7. The utility services billing system of claim 5, wherein:
said step of analyzing leasehold data includes calculating contiguous KW (KWc) readings for all said sub meters.

This application is a continuation of and claims the benefit of U.S. patent application Ser. No. 11/051,036 filed Feb. 4, 2005, now U.S. Pat. No. 7,215,109 which is incorporated herein by reference.

The field of the present invention comprises electric power usage and demand monitoring and billing and more particularly the reporting of electric power usage and demand in support of electric power industry billing practices.

Most commercial or industrial properties have electric power meters that monitor and record KW demand according to sliding windows or intervals that are commonly 15 minutes in length and are subject to electric utility tariffs or billing structures for power that include charges over the billing period for On-Peak usage in KWH (Kilowatt Hours) typically from 10 AM to 9 PM weekdays not including holidays and charges for Off-Peak usage in KWH at other times. In more and more cases separate demand charges or surcharges are also included with respect to maximum coincident KW (Kilowatt) demand during the billing period or with respect to the coincident KW demand of the customer occurring at the time of either the building peak demand or system peak demand for the utility company service area during the billing period.

Furthermore, electric power is frequently sub-metered to tenants in large buildings, or commercial or industrial complexes where the tenants have multiple separately metered leaseholds or properties and the terms of leases usually establish coincident demand charges. In such cases the electric power usage and demand measured by each of the meters is usually aggregated over the multiple properties held by each tenant since this provides an advantage to the tenants result of the diversity of demand represented by the different properties. Electric power billing charges related to demand peaks and coincident demand are becoming increasingly important in the electric power industry and important concern in situations where tenants or owners hold multiple separately metered pr sub-metered properties in the same building or utility service area.

However, it is currently difficult to track electric power usage and demand across multiple properties and efficiently account for coincident demand on a consolidated basis with respect to multiple properties despite the fact that reporting of usage and demand on a consolidated or aggregate basis may benefit tenants, owners and utility companies.

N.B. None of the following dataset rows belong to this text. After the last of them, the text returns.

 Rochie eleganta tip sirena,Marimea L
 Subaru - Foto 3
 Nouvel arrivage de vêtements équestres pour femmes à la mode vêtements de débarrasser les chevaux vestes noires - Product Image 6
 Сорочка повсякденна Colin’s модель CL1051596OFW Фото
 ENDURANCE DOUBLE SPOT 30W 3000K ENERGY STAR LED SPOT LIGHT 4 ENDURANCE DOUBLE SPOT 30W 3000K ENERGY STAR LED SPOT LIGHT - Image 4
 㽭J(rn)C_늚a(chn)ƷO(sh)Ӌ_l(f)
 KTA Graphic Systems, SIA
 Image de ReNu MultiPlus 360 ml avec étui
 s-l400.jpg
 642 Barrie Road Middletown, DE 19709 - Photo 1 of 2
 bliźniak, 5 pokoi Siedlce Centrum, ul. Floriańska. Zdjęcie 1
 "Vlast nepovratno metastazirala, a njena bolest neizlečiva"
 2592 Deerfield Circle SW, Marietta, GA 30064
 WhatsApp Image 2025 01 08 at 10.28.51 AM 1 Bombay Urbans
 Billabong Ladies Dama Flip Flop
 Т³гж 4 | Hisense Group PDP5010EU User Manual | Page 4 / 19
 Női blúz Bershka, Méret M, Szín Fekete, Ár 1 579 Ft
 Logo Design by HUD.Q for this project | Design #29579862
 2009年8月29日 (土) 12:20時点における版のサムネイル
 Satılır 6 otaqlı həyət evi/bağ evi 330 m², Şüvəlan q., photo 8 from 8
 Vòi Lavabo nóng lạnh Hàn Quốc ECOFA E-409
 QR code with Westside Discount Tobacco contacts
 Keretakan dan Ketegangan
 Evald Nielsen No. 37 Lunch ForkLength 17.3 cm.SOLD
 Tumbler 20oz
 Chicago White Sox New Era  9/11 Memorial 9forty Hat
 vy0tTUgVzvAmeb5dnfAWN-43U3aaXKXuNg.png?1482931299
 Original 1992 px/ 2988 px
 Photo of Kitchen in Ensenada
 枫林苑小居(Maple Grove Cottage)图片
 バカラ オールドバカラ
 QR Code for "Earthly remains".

The present invention provides a system for acquiring, storing, analyzing, and reporting electric power usage and demand information. Electric power demand data comprising KW readings over regular intervals is collected by a device server on a regular basis from electric power interval meters at different locations representing usage and demand at different commonly owned or leased premises. The demand data from the meters is transferred to and stored by a database server in a central database form where it can be readily accessed when needed. A presentation server includes and runs an electric power usage and demand application program for processing the data in response to reporting inquiries. Users may log onto the presentation server from their own computer systems and request a billing period report. When a report is requested the presentation server runs the application in response to tenant, owner or property information furnished by the user.

Under direction of the electric power usage and demand application program the presentation server retrieves the applicable demand data for the properties of the tenant or owner or the properties designated by the user from the database. The integrity of the demand data is verified by checking for continuity gaps, missing entries and duplicate entries. If local billing practices require the use of contiguous demand data the data is processed to transform it into the required contiguous demand KWc readings. The data for all the indicated properties is then aligned or synchronized to a set of standard metering intervals. The demand data is then processed to generate power usage information including On-Peak and Off-Peak KWH sums by property and in the aggregate over all the properties of the owner or tenant or properties designated by the user for the indicated billing period. The demand data is then further processed by adding together the demand readings for each property with respect to each interval in order to generate aggregate demand data representing consolidated demand across all of the tenant's or owner's properties or the user designated properties by interval for the billing period. The time, date and amount of the maximum aggregate coincident demand occurring at any time during the billing period is then identified and the readings for each property contributing to that demand maximum KW total are identified.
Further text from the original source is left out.